When I was in middle school, I attended the wedding of a family friend’s son. The event seemed overwhelming, with Pakistani-Americans like my family–dads who were doctors and moms dressed in glittery, gaudy Pakistani dress. The groom was a Pakistani doctor, but his bride was not. She was white and non-Muslim. The fabric of her Pakistani wedding dress was a rich orange color that made her skin seem even whiter and her hair even more red. She complained about how itchy her blouse was. My sister noted later to me that she had it on inside out, so all the embroidery was on the inside, scratching her skin. But problems with her bridal outfit intrigued me less than the fact that she was a white woman marrying a man of Pakistani descent. How did these two meet, I wanted to ask my sister. Did their parents arrange their marriage?
They had probably met at work and dated each other. I couldn’t admit this to my teenage self because I knew that Muslims did not date. We had arranged marriages, just like my mom and dad did.
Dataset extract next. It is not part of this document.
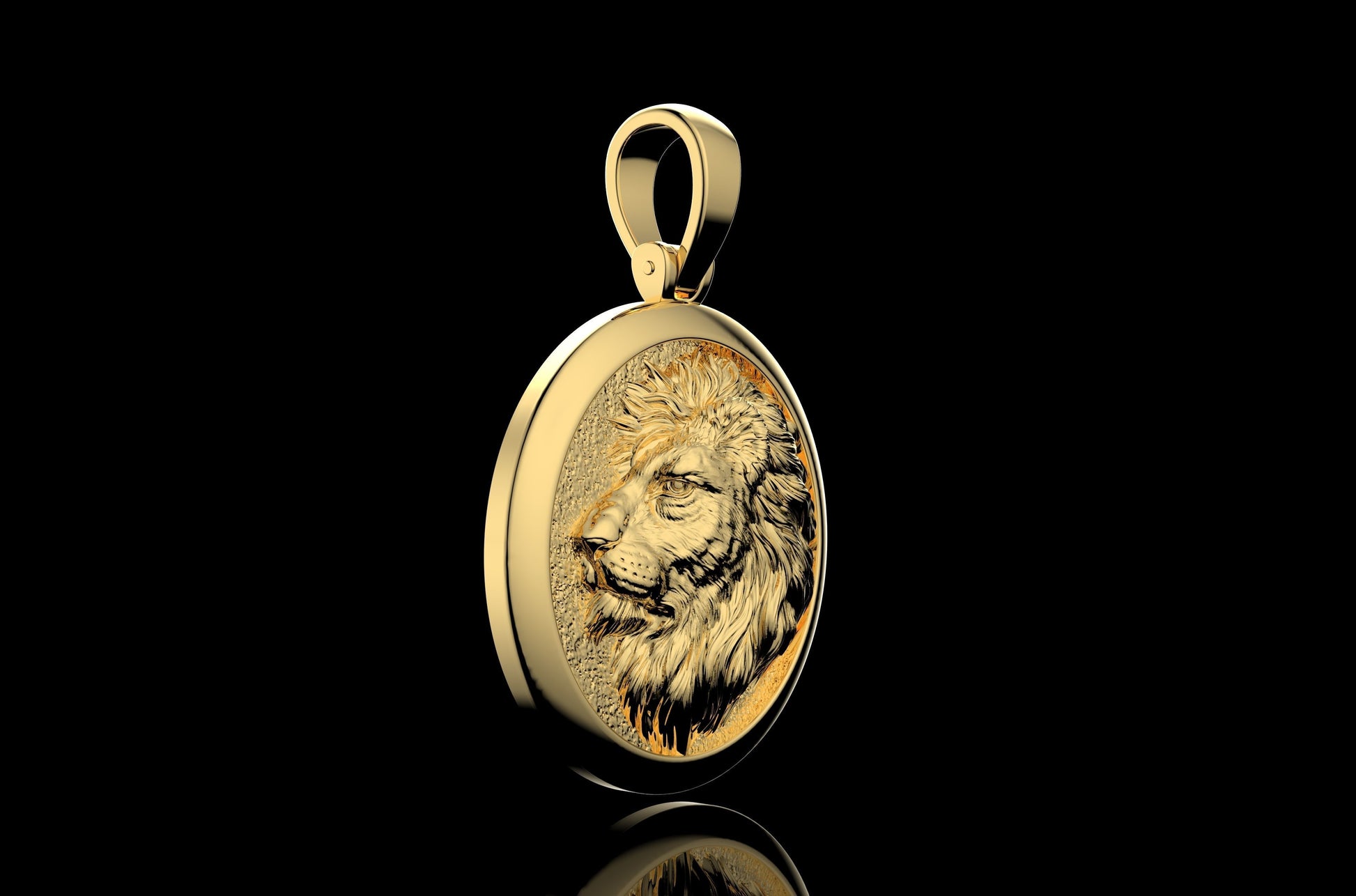 24k gold lion pendant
Except that wasn’t–and isn’t–true of all American Muslims. Our adaptation of Islamic practice continues to evolve, as Muslim youth come up with their own unique approaches to Islam in American life. Dating is one of those issues where many conflicting values intersect. No premarital sex is allowed in Islam. Fine. Therefore, no dating is allowed on the premise that dating inevitably leads to premarital sex. So are we ready to arrange the marriages of all our young people, as is done in some Islamic countries?
Um, well, not really. In Islamic countries, parents have the support of the community in finding spouses for their children. Word of mouth, relatives, and a social schedule and circuit make arranging marriages easier. In the United States, parents are more alone and isolated from these networks.
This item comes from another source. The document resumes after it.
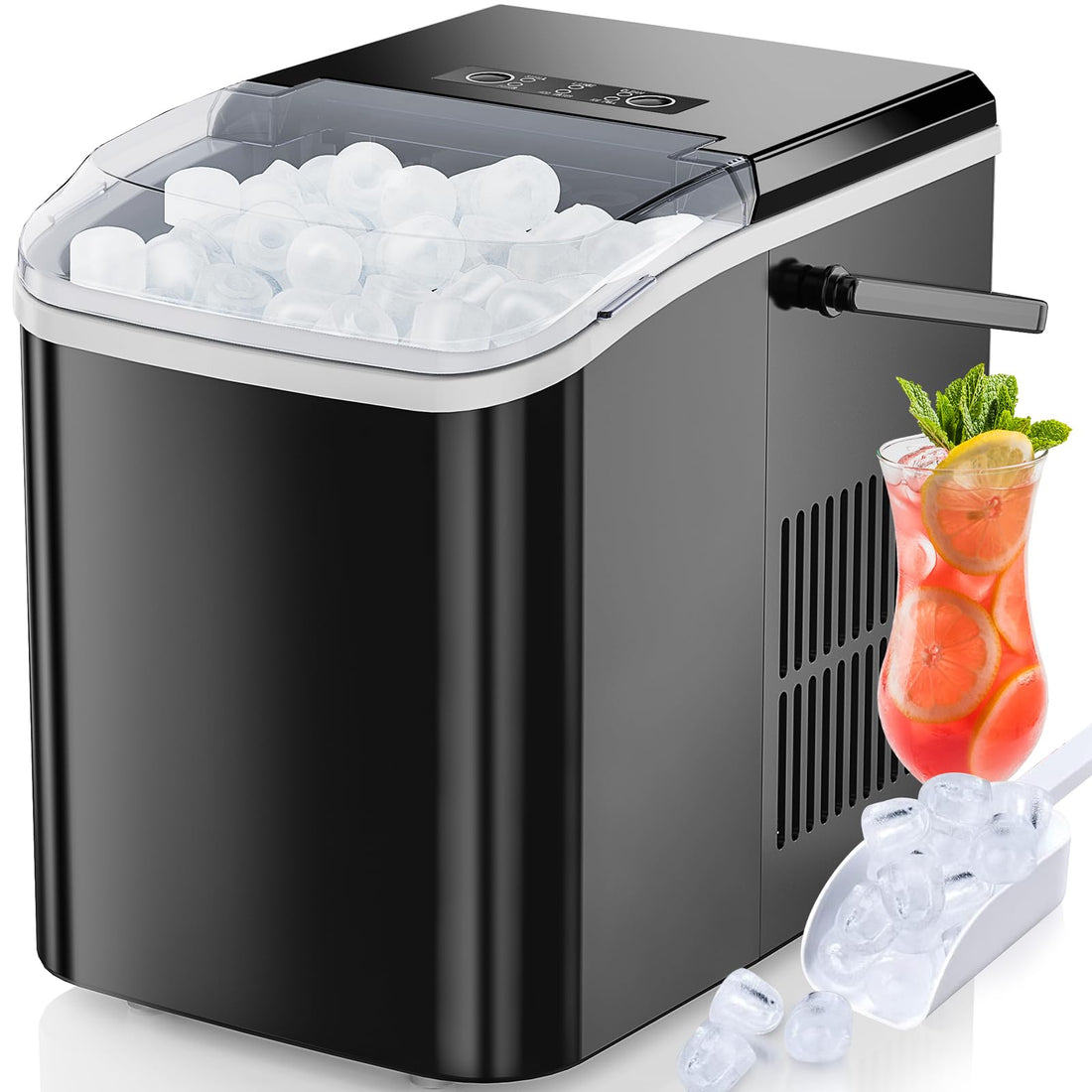 DUMOS Ice Maker Countertop Ice Machine Compact Size with Handle, 26lbs in 24Hrs, Black Major Appliances by DUMOS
Further, most Muslims are pushing their daughters to academic and career achievement. For immigrant Muslims, the opportunities for their daughters are hard to resist. For indigenous, mostly African-American, Muslims, the civil rights era gave their children greater access to educational institutions previously closed to them. A trade-off has been made, though–the more educated the daughter, the less comfortable a parent feels arranging her marriage. My parents could have locked me up at home and picked my husband for me. But then how could I have gone to college? In fact, the very same parents who had marriages arranged for them–including African-American converts whose marriages were arranged by their local community, as well as Arab and Asian immigrants from cultures that practice arranged marriages–are now reluctant to do the same for their own children.
So how are young American Muslims supposed to meet and marry each other, especially when Islamic religious or cultural events are often segregated by gender? Young American Muslims have come up with creative solutions to dating–and they fall into roughly three categories. The first group are “Strict Muslims” who date halal (in an Islamically permissible style). The second group I call “Eid Muslims,” because many are not strict in practice and attend mosques only on holidays. While technically they are dating haram (unlawfully in Islam), without chaperones, they’re keeping physical intimacy to a minimum and parental involvement at a maximum. The third group dates “Sex and the City”-style (definitely haram), openly and freely leading a non-Islamic lifestyle, having premarital sex sometimes in a series of monogamous relationships.
This “Sex and the City” group consists mostly of Muslim men who date non-Muslim women. These non-Muslim women sometimes convert to Islam and marry their Muslim boyfriends. But some are unceremoniously dumped when a halal marriage is arranged by the man’s parents. The woman’s family is naturally upset at how she has been treated, resulting in a misconception that Muslim men treat women poorly. Ironically, the “Sex and the City” Muslim man can date freely without risking his standing in the community, while a Muslim woman with the same dating pattern would not only gain a bad reputation but risk losing a good arranged marriage proposal. This double standard and poor treatment of women is not endorsed by Islam but by a general patriarchy that pervades many world cultures, including America.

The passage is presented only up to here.